The shortlist consists of the abstract painter, Sean Scully; Rachel Whiteread, the sculptor; installations artist, Vong Phaophanit, who came to Britain from Laos in the Eighties; and Hannah Collins, who makes large photographic compilations. None is a figurative painter, continuing the prize's concentration on abstract art and sculpture.

Nicholas Serota, director of the Tate Gallery and chairman of the judging panel, said of Hannah Collins and Rachel Whiteread that working abroad, and contact with unfamiliar artists and ideas had stimulated new developments in their work. 'At the same time, art in Britain is being enriched by artists who bring experience of other cultures to this country,' he added.
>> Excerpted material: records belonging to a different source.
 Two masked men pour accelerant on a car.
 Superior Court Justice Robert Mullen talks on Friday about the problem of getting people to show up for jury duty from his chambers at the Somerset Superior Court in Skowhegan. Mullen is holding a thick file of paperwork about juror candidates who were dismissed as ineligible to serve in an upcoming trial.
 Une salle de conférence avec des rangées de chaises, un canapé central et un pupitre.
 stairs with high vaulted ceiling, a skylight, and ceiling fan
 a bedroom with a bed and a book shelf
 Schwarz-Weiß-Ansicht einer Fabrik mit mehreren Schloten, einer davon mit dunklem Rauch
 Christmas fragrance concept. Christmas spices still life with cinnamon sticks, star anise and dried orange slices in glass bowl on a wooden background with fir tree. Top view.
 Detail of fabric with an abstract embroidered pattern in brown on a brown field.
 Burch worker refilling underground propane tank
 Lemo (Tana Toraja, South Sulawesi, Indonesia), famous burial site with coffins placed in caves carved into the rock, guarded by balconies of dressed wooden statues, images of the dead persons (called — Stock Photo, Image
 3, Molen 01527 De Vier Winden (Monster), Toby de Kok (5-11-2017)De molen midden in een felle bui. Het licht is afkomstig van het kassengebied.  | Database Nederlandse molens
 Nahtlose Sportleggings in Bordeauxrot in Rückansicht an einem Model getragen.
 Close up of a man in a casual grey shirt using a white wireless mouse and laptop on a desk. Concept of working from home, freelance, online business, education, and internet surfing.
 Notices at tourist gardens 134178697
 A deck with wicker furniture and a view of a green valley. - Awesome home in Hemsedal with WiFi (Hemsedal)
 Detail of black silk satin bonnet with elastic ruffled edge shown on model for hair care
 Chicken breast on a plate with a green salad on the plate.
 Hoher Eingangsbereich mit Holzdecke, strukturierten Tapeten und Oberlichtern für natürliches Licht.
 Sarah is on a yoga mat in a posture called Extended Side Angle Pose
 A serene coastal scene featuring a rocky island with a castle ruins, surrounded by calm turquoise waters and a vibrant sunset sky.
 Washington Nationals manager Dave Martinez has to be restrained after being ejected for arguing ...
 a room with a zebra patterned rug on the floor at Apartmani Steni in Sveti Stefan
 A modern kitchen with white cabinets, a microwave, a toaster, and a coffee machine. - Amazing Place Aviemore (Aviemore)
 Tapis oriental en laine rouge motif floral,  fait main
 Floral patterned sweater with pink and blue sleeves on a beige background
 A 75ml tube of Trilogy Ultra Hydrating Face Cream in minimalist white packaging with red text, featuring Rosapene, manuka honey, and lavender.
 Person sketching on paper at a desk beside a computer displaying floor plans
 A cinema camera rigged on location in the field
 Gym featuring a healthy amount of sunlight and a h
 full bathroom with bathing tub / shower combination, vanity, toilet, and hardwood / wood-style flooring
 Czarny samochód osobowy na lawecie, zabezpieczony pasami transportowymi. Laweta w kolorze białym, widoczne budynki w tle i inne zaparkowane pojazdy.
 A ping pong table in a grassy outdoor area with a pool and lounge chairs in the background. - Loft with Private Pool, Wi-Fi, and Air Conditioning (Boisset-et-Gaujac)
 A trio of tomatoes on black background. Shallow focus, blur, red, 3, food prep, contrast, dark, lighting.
Hannah Collins, 37, who exhibited at the Third International Istanbul Biennial and at Barcelona, uses enormously enlarged photographs, printed on canvas and pinned to the gallery wall. Her work has been described as 'simultaneously alarming and exquisite'.

Sean Scully, 48, composes in broad, slightly irregular stripes of resonant colour, and considers the build-up of paint in depth to be a metaphor for depth of feeling and inner life. 'Abstraction is the art of our age,' he adds, believing that figurative art ties the artist too closely to particular things in the world.

Rachel Whiteread, 30, was also shortlisted last year. She takes casts from commonplace household objects. Her work Ghost was a plaster cast of an entire room.

Vong Phaophanit, 32, creates installations which spring from his experience of leaving his homeland and family. In one, he projected snapshots of his family on to a white-sheeted bed on to which poured a steady stream of rice.

The Turner Prize is awarded to a British artist under 50 for an outstanding exhibition or presentation in the preceding 12 months.